Asharq al-Awsat (Quotidien arabe) –par Hossein Abdol Hossein : Depuis le début des années 90, l’approche de Téhéran a consisté à former des groupes de pression à Washington avec le soutien financier de l’Iran, sous la supervision directe de la mission iranienne aux Nations Unies.

 

L’Iran a établi ces lobbies, avec un métis irano-suédois zoroastrien à Washington à la tête du groupe, dans l’espoir de vaincre les groupes de pression les plus puissants aux États-Unis, en particulier le lobby pro-israélien.

Dans mon bureau à Washington, j’ai reçu une invitation du prestigieux « Centre Woodrow Wilson » me demandant de participer à un séminaire intitulé « Iran, les cinq prochaines années : changement ou la même chose ? »

La question de l’Iran est brûlante et ce type de séminaires attire souvent l’attention d’une foule de responsables américains concernés, d’experts et de journalistes.

J’ai ouvert l’invitation, je connaissais l’un des intervenants, un journaliste américain qui écrit sur le Moyen-Orient avec une certaine objectivité. Les autres orateurs n’étaient pas américains et cela m’a incité à mener des recherches sur eux.
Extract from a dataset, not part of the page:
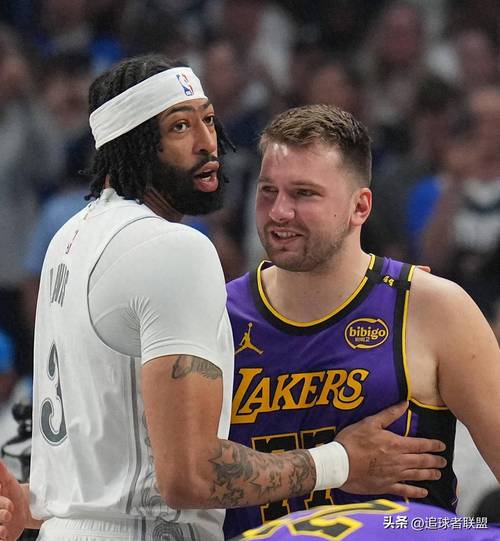 独行侠将听取交易报价！交易后浓眉仅出战14场 缺席场次达到34场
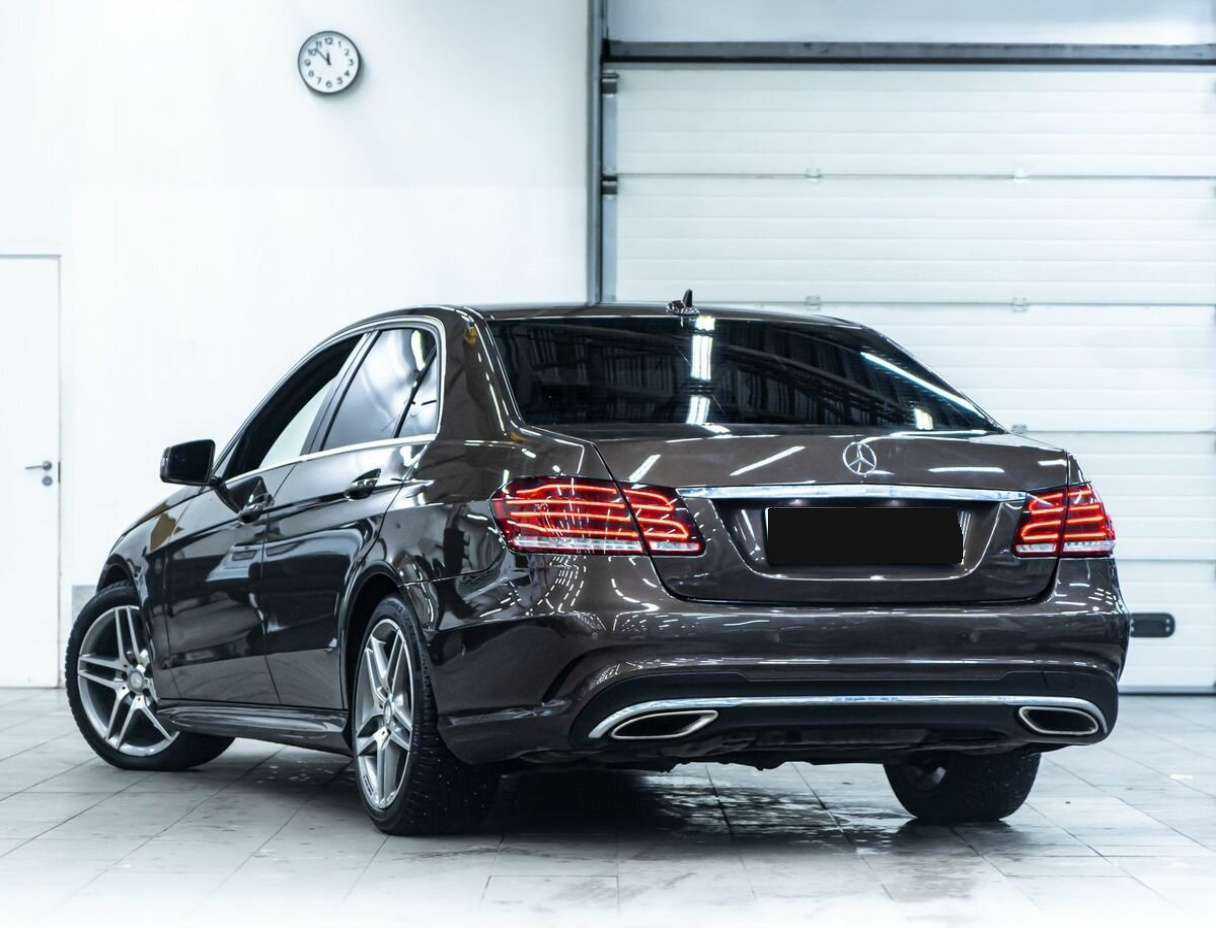 Б/У Мерседес-Бенц Е-Класс 2013 года. Фото: #3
L’un d’eux est un Iranien du nom de Bijhan Khaje-Pour, qui dirige un cabinet de conseil. Il semble que cette entreprise soit basée en Autriche, mais j’ai vu son nom comme conférencier dans des séminaires spéciaux sur l’Iran dans la capitale américaine.

Grâce à un suivi rapide, j’ai appris que le cabinet de conseil présumé est appelé « Atieh International », une filiale du « groupe Atieh » de Téhéran, qui se présente sur son site internet comme un expert offrant « soutien et conseils aux entreprises étrangères pour pénétrer et avoir du succès sur les marchés iraniens ».

Le deuxième conférencier est un chercheur français du nom de Bernard Hourcade. Mes recherches m’ont conduit à une interview sur Euronews en avril. Dans cette interview, il a déclaré : « Nous disons tous les jours depuis 34 ans que la République islamique est sur le point de s’écrouler. Toutefois, cette république islamique reste intacte. En fait, c’est le gouvernement le plus stable au Moyen-Orient et nous constatons cela particulièrement après le printemps arabe, et c’est un pays qui continuera à progresser ».

Hourcade continue en demandant qu’on donne à l’Iran la chance d’enrichir de l’uranium, et que le fait d’avoir conclu un accord avec l’Iran mènera à une levée des sanctions et à des relations normalisées avec l’Occident, en particulier les États-Unis.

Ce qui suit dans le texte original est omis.